Having located "[SOLD] Zara tropical", write out its line and the remaining lines of the material exactly, the last one included, but not the pictures.

Extracted material:
-.-.-

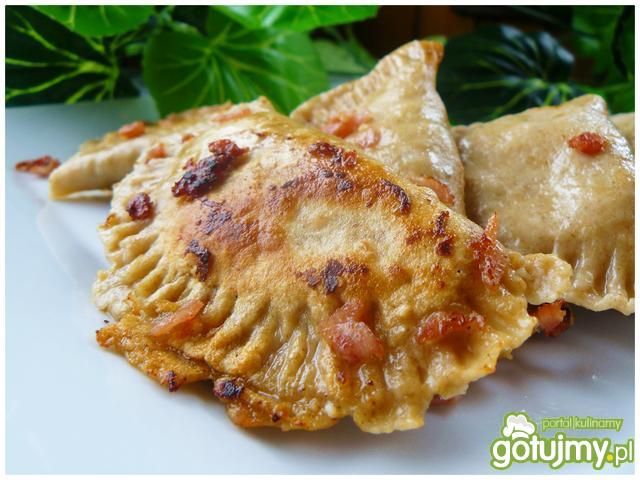 Pierogi kowieńskie - z wędzonym boczkiem Pierogi kowieńskie - z wędzonym boczkiem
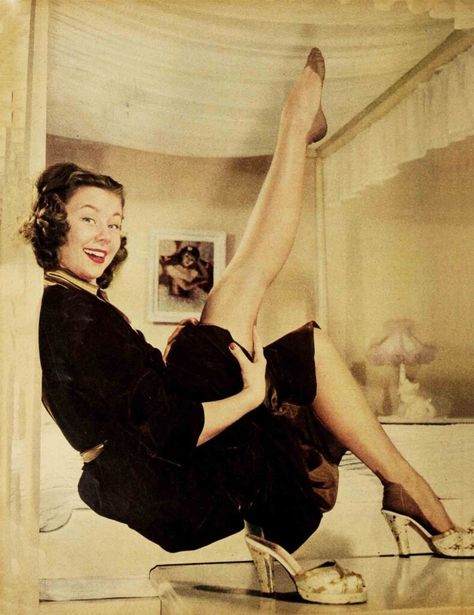 Hollywood’s Newest Golden Girl—Mitzi Gaynor - Vintage Paparazzi Colleen Moore, Mitzi Gaynor, Ballet Russe, How To Dance, Carmen Miranda, Jamie Lynn, Vintage Stockings, Golden Girl, Brigitte Bardot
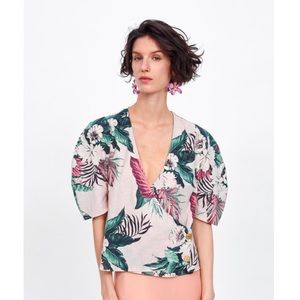 [SOLD] Zara tropical floral puff shoulder cross front top
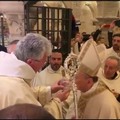 Festa San Nicola di Bari, in basilica il rituale del prelievo della manna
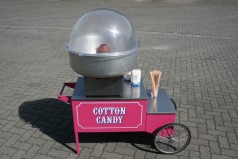 Zuckerwattewagen / Zuckerwatte / Funfood / Jahrmarkt / Kindergeburtstag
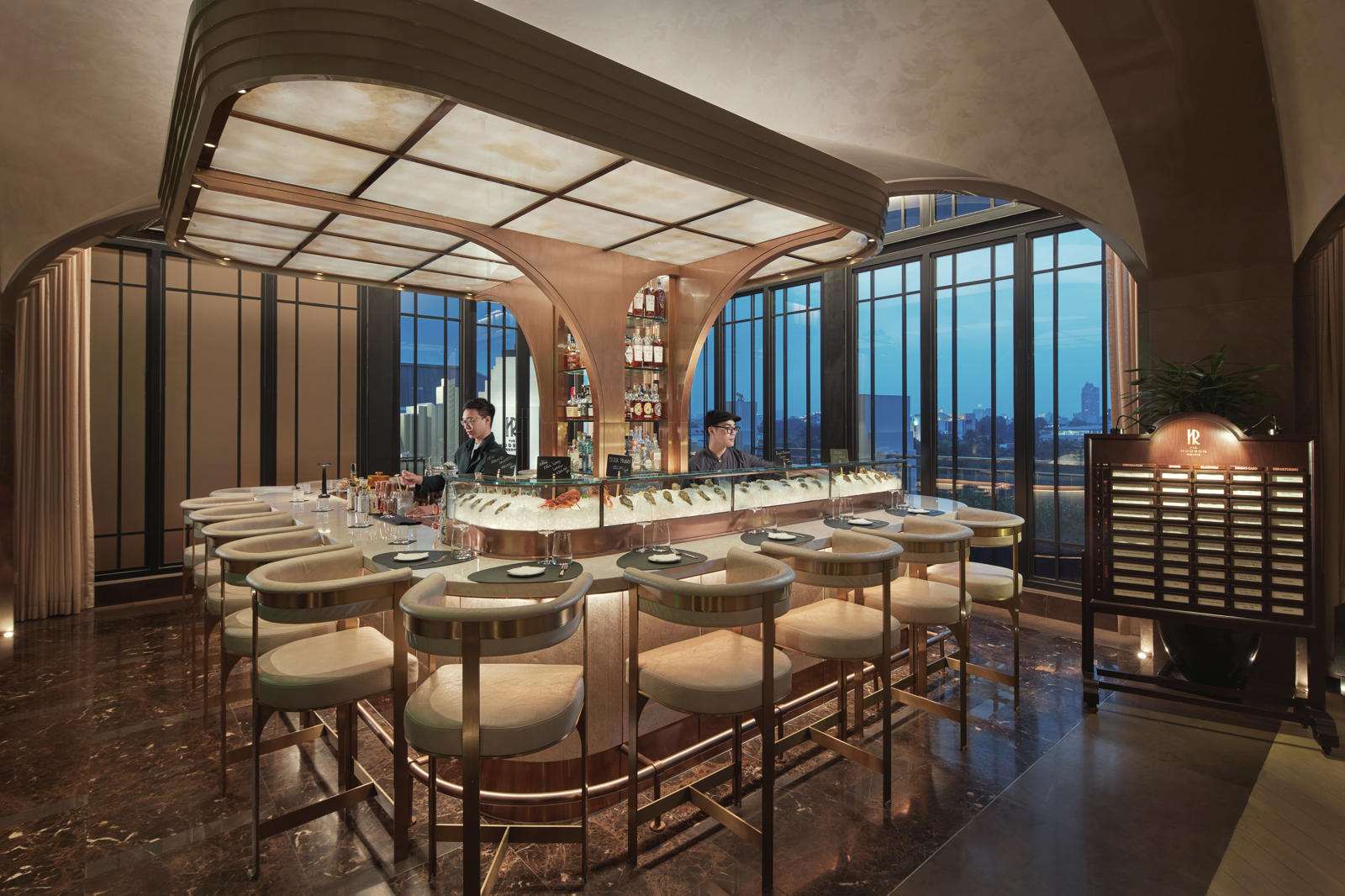 The Hudson Rooms & Track 61 lọt Top 81 Quán Bar Xuất Sắc Nhất Châu Á 2024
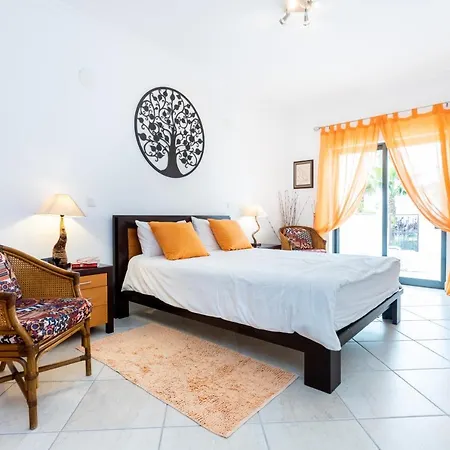 Great 2 Bedroom With Communal Pool Appartement *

-.-.-

Written response:
 [SOLD] Zara tropical floral puff shoulder cross front top
 Festa San Nicola di Bari, in basilica il rituale del prelievo della manna
 Zuckerwattewagen / Zuckerwatte / Funfood / Jahrmarkt / Kindergeburtstag
 The Hudson Rooms & Track 61 lọt Top 81 Quán Bar Xuất Sắc Nhất Châu Á 2024
 Great 2 Bedroom With Communal Pool Appartement *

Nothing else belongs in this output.